Copies of all lines that contain "sale" are needed; take them from the data below.

━━━━━ Data for analysis

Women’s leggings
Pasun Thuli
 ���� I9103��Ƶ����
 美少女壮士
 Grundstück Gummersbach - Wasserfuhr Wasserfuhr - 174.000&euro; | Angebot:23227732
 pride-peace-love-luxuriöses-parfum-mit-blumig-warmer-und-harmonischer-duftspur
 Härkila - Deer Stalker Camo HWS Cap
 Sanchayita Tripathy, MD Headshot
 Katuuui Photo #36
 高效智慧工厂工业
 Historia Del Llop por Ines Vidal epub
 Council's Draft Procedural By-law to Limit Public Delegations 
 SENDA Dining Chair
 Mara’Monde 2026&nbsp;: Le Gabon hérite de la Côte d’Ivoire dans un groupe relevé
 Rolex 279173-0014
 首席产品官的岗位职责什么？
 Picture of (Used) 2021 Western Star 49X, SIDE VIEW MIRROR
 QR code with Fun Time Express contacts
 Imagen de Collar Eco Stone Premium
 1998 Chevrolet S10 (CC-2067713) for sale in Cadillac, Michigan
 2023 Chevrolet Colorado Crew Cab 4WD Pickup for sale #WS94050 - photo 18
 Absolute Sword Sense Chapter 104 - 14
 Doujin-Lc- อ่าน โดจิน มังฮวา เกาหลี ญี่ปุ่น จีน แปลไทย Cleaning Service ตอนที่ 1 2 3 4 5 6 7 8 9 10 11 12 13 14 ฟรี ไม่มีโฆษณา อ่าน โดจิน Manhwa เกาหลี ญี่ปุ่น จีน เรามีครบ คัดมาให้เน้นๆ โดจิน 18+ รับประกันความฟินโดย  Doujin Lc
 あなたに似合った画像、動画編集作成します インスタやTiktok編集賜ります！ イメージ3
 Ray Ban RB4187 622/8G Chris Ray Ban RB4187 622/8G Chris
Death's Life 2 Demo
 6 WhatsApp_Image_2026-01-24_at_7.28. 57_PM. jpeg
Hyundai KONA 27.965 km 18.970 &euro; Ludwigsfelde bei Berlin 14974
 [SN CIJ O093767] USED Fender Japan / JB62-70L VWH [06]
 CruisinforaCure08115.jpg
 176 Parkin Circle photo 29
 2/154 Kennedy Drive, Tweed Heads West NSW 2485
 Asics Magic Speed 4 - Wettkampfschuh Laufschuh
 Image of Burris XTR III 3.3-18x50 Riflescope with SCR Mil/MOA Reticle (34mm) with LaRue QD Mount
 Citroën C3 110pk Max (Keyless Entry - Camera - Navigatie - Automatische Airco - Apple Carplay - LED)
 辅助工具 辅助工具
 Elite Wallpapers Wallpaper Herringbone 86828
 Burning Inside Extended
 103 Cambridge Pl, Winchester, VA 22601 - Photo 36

━━━━━━━━━━

▶ Exercise answer:
 1998 Chevrolet S10 (CC-2067713) for sale in Cadillac, Michigan
 2023 Chevrolet Colorado Crew Cab 4WD Pickup for sale #WS94050 - photo 18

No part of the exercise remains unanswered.